476 The Fall of the Roman Empire in the West
Though Rome was sacked in 410 by a Visigothic horde and again in 451 by a Vandal fleet, the empire in the West itself continued to exist, though in a much weakened condition. An emperor ruled, at least on paper, from Ravenna on the northeast Italian coast. Real power was in the hands of the generals, many of them of Germanic descent, in charge of the few Roman armies left in the field and of the barbarian chieftains whose tribes had overrun most of the West. Visigoths, Ostrogoths, Franks, Angles, Saxons, Jutes, Picts, Scots, Alemanni, Burgundians, etc., had all carved off pieces of the empire.
In 475 a teenager by the name of Romulus Augustulus had been set up as Western Emperor by one of his generals but he exercised no real power. The next year an army of Ostrogoths led by Odoacer finished its conquest of the Italian peninsula by taking Ravenna. Romulus was forced to hand over the imperial regalia — crown, orb and scepter — to his barbarian conqueror but his life was spared. The position of emperor had fallen so low that the incumbent was not even worth killing; the boy was simply sent on his way with a pension to console him. Odoacer never bothered to claim the throne either, pretending to rule Italy on behalf of Zeno, the emperor in Constantinople to whom he sent the regalia. Zeno then declared the division of the empire at an end; henceforth until 1453 the Roman Empire was ruled from Constantinople.

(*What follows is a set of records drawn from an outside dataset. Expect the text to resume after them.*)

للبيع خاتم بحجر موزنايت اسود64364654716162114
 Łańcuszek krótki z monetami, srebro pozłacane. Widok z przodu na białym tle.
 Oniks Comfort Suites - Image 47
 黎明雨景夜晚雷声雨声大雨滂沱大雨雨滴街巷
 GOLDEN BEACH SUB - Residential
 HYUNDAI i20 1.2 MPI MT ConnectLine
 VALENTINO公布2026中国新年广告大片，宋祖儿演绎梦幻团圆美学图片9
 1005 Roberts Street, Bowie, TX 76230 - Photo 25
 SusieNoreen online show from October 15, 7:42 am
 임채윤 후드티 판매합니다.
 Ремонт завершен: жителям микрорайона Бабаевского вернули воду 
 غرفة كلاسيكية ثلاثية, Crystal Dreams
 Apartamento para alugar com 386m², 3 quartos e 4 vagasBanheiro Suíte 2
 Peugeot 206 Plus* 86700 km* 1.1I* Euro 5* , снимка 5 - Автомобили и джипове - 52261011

Italians could not have been too unhappy or dismayed by those events. Peace was restored and taxes continued to be collected. One vexatious point was that the Ostrogoths were Arian (non-trinitarian Christians) with their own hierarchy of bishops ruling over a largely Trinitarian (Catholic, Chalcedonian, Nicene; take your pick) population. Toleration was usually the order of the day — for the Gothic rulers Arianism was a tribal badge — but Catholic bishops often had to struggle to keep their church buildings. The Ostrogoths built a number of beautiful churches in Ravenna, especially the Sant’ Apollinare Nuovo, with its gorgeous mosaics. (Arians in North Africa were much less accommodating and genuine persecution took place there.)